■ **WHAT TO WORK ON**
Give the count of lines in the entries that include "Dodge", and write nothing besides it.

■ **DATA FOR THIS TASK**
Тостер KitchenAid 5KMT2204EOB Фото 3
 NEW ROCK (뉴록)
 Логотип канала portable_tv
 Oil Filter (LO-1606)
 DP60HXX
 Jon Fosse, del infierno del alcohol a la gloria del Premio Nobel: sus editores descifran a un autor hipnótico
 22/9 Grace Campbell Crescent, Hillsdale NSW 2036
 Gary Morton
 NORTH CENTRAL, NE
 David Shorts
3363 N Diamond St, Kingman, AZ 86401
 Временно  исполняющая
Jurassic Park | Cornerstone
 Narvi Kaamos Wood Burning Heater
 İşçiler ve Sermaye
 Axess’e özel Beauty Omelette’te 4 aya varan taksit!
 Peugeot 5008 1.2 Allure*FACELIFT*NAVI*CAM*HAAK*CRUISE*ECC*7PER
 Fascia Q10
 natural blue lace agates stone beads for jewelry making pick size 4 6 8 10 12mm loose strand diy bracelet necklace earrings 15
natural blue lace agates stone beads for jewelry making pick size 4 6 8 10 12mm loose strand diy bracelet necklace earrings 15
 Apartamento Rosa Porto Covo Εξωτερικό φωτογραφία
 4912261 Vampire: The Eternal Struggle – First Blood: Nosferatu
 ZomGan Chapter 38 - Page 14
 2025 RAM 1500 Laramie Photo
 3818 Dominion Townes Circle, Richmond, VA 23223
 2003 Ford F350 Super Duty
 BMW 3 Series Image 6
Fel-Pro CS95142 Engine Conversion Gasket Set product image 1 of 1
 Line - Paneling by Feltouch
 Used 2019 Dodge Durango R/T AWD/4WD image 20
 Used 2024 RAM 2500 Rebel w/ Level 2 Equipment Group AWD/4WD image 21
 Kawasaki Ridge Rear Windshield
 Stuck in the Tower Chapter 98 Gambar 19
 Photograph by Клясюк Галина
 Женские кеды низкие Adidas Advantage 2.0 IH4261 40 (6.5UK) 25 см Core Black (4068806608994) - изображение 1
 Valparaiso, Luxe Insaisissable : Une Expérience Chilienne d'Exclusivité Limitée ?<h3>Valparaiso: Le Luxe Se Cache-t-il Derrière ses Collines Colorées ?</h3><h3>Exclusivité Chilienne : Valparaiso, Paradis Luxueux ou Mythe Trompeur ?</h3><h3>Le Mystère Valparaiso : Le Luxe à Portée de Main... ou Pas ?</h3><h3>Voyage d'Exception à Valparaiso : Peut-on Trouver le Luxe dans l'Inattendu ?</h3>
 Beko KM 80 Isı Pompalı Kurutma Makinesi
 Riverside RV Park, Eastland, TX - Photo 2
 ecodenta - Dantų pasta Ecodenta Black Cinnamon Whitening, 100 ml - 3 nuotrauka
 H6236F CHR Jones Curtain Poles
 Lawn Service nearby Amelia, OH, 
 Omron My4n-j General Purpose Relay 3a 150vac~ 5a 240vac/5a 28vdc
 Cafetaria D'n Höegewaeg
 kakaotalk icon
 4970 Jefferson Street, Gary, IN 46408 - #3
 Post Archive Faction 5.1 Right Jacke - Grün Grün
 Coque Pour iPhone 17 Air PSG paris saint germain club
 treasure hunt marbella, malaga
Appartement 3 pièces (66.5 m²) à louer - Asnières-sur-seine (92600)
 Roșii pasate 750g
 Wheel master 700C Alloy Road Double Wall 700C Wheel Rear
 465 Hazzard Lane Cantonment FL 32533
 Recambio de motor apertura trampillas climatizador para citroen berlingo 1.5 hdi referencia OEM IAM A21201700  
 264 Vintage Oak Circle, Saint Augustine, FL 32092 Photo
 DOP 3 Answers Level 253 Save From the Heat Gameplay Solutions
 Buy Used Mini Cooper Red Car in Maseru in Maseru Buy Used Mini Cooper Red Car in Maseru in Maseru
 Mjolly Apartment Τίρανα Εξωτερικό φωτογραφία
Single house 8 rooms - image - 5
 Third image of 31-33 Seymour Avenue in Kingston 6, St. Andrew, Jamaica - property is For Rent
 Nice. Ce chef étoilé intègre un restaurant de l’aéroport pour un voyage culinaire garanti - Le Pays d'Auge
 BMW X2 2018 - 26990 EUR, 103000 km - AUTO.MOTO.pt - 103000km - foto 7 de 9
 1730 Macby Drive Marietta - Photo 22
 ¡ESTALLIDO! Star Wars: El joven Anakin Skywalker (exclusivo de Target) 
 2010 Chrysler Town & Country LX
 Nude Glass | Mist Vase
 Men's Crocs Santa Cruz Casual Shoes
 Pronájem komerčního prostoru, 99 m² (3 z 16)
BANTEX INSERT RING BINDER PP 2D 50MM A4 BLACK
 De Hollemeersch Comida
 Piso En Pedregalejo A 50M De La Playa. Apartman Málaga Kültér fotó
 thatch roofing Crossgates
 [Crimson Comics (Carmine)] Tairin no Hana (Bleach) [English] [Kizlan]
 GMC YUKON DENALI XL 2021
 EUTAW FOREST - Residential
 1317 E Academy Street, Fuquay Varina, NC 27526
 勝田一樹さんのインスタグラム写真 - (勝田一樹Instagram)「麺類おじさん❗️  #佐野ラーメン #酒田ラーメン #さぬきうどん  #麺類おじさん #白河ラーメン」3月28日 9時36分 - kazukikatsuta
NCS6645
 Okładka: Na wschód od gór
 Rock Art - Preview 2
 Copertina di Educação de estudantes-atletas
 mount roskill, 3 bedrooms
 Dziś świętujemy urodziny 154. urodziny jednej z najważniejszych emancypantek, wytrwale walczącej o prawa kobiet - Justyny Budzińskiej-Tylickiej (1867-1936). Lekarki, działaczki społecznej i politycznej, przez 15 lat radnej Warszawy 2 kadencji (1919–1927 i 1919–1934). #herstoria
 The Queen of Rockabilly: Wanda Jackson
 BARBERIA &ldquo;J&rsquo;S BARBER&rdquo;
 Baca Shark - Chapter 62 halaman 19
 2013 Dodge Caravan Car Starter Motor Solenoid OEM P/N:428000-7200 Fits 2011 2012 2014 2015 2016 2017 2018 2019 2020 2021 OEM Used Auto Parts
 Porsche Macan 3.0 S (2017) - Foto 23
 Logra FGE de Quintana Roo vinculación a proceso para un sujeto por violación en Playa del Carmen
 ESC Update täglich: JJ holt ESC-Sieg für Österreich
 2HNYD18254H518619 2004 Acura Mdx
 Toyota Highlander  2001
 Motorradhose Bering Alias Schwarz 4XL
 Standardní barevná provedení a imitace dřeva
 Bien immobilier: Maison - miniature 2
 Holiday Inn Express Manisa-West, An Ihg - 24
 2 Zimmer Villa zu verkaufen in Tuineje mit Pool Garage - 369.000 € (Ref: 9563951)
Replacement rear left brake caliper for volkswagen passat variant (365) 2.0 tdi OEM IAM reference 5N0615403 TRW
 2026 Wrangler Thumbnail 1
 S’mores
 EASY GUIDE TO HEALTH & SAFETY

■ **SOLUTION**
2